Coyote J. Brewing, as the restaurant’s microbrewery is called, has four beers on tap at any given time. And they’ll do a tasting flight with four beers, so we tried all of them. At present, there’s a red ale, a nut brown, a white Belgium wheat, and an IPA.

We started off with the wheat beer and were immediately surprised by its bitterness — for an instant, we thought perhaps it was actually the IPA, but mislabeled. On subsequent sips, however, we realized that it was indeed the Belgian one. The bitterness, we suspect, is the result of the Curacao orange peel with which it is infused (and probably the hops, obviously). Whatever the case, the flavor mellows out quickly and opens up to the beer’s spices, in this case, coriander. Once you get into it, it becomes citrusy and slightly sweet.

Naturally, we wanted to see how this compared to the IPA, so we sampled that next. Surprisingly, it was the opposite — it wasn’t very bitter at all. The beer was quite hoppy, but in a more American-beer citrusy way. The soup of the day when we stopped by was a white chili, and it paired beautifully with the IPA. We’re not sure if it was this combination that did it for us, but this one ended up being our favorite of the beers.

Third, we sampled the red ale. This was the first beer that tasted how we thought it would: a little bit hoppy and a little bit malty. In the distant reaches of our palate, it may even have been a little bit buttery. When we tried it against our meal, we noticed that its bitterness, while not intense, lingered quite a while.

Finally, the nut brown was the maltiest of the beers we had. It had a bit of caramel-ness to it. Like the red ale, it had a medium hop aroma and medium hop bitterness. It tasted darker than the other beers, but not like a real dark beer such as a stout or a porter.
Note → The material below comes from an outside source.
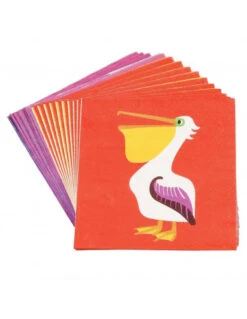 20 Petites Serviettes Animaux Colorés -Déco Festive Soldes 20 petites serviettes animaux colores 2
For dinner — we were there for a meal after all — we ordered the Rattlesnake “Jake” Burger. (We’re not sure who Jake is, but based solely on the name of the restaurant and the microbrewery, we assume he’s the “J.”) The burger was a grilled brisket/beef burger with blackened seasoning, ghost pepper cheese, tomato, cilantro, red onions, and pico de gallo on a toasted Kaiser bun. The first thing we noticed was that the bun looked, smelled, felt, and tasted nice. The patty was also pretty tasty, especially alongside the other ingredients. Despite the ghost pepper in the cheese and the presence of a salsa on the burger, it was not especially spicy — certainly not the rattlesnake bite we were expecting – but the flavor of the burger more than made up for that.

All around, it was a pleasant burger-and-beer experience.